Ce recueil, issu d’un colloque international tenu à l’université de Mulhouse en décembre 2022, réunit dix-huit articles. Les contributions sont réparties en quatre parties: les langues comme actrices de l’institution diplomatique; la maîtrise linguistique comme enjeu de pouvoir; la pratique linguistique envisagée comme pratique globale; et enfin la traduction, perçue à la fois comme un atout et un danger.
Comme cela arrive souvent dans les volumes collectifs, certains articles dépassent ce cadre thématique. Plusieurs études auraient pu être regroupées autour de la diplomatie française (Camille Desenclos, Isabelle Dasque, Nina Pösch, Angela de Maria, Virginie Martin, etc.) ou autour de la question de l’apprentissage et de la maîtrise des langues par les diplomates (Angela de Maria, Ferenc Tóth, Virginie Martin, Ekaterina Domnina, entre autres). Cette diversité souligne la richesse des perspectives offertes par l’ouvrage, qui intéressera tout lecteur soucieux de comprendre le rôle des langues dans la diplomatie et plus largement dans la vie politique européenne moderne et contemporaine.
L’introduction, signée par Guido Braun et Camille Desenclos, est particulièrement dense. Elle explore les dimensions politiques, socio-culturelles et symboliques de l’usage des langues en diplomatie. Les auteurs rappellent que le multilinguisme, réalité des sociétés modernes, devient dans le contexte étatique un enjeu de pouvoir et de négociation. Ils considèrent l’histoire des langues diplomatiques comme celle d’un »multilinguisme vécu«, plutôt que comme une simple succession d’hégémonies linguistiques – approche »globale« croisant les histoires politique, institutionnelle et culturelle.
L’éditeur et l’éditrice soulignent que la recherche s’est trop souvent concentrée sur les congrès de paix et la traduction, négligeant d’autres sphères diplomatiques. Ce volume élargit heureusement le champ d’observation, même si la communication interne entre diplomates d’un même pays, tout aussi révélatrice des rapports de pouvoir et des identités sociales, reste peu abordée.

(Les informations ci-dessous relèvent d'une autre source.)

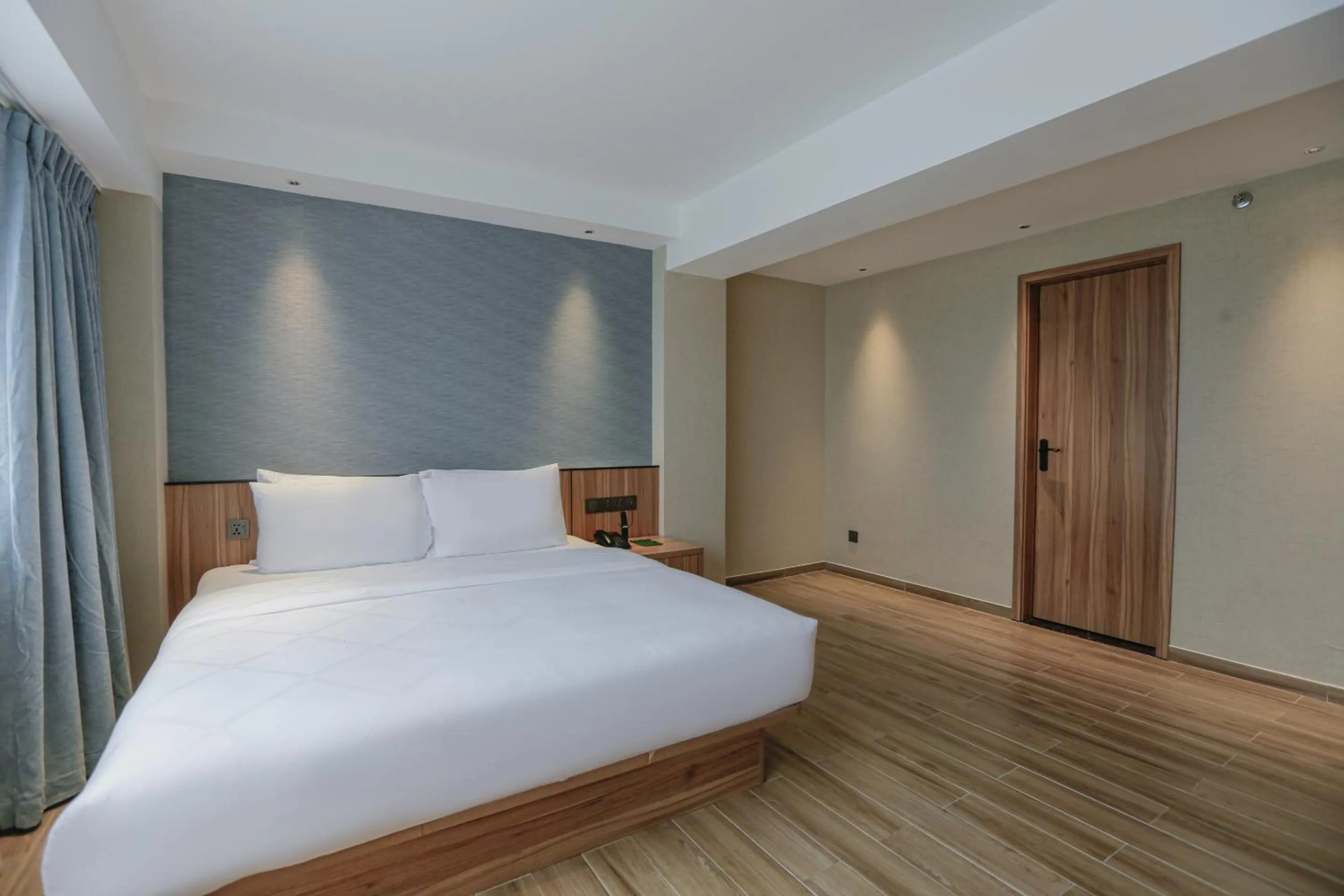 Bedroom, Bed in Hotel Casiana & Events Center Tagaytay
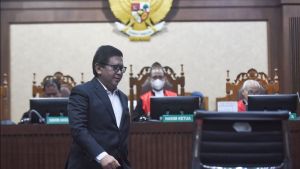 The Follow-up Session Of The PAW-Introduction Bribery Investigation, Kubu Hasto Presents The Former Constitutional Court Judge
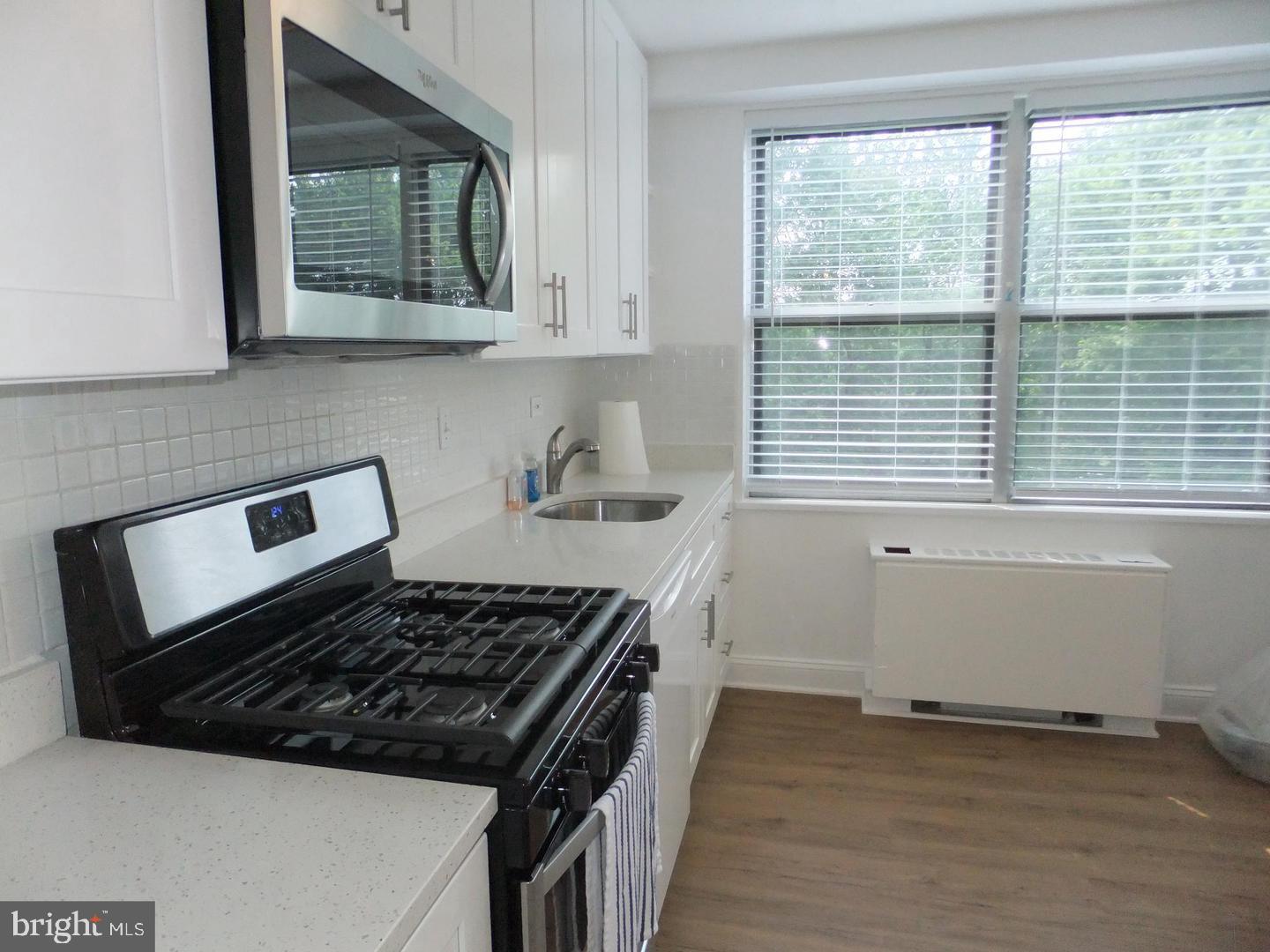 OAK HILL - Residential Lease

L’introduction discute aussi les sources: leur caractère souvent unilingue masque la diversité réelle des pratiques multilingues. Trois stratégies d’acteurs sont relevées: acceptation du plurilinguisme, revendication de sa propre langue et recours à une lingua franca – cette dernière étant parfois une »universalité de façade«. Enfin, les éditeurs invitent à croiser l’évolution des pratiques linguistiques avec la spécialisation progressive de la diplomatie européenne, afin de mieux comprendre les rapports entre hiérarchie, compétence linguistique et pouvoir.
Dans la suite de ma recension,1 je me limiterai à quelques remarques sur des articles relatifs à l’Époque moderne, domaine qui est le mien, et qui m’ont paru être particulièrement novateurs. Ce choix est forcément subjectif, car toutes les contributions se distinguent par leur qualité.
Monique Weiss montre le rôle clé des secrétaires pour les affaires »allemandes« au service des Habsbourg espagnols aux XVIe et XVIIe siècles: polyglottes, ils étaient bien plus que de simples traducteurs, mais de véritables conseillers politiques dans le triangle diplomatique Espagne – Pays-Bas – Saint-Empire.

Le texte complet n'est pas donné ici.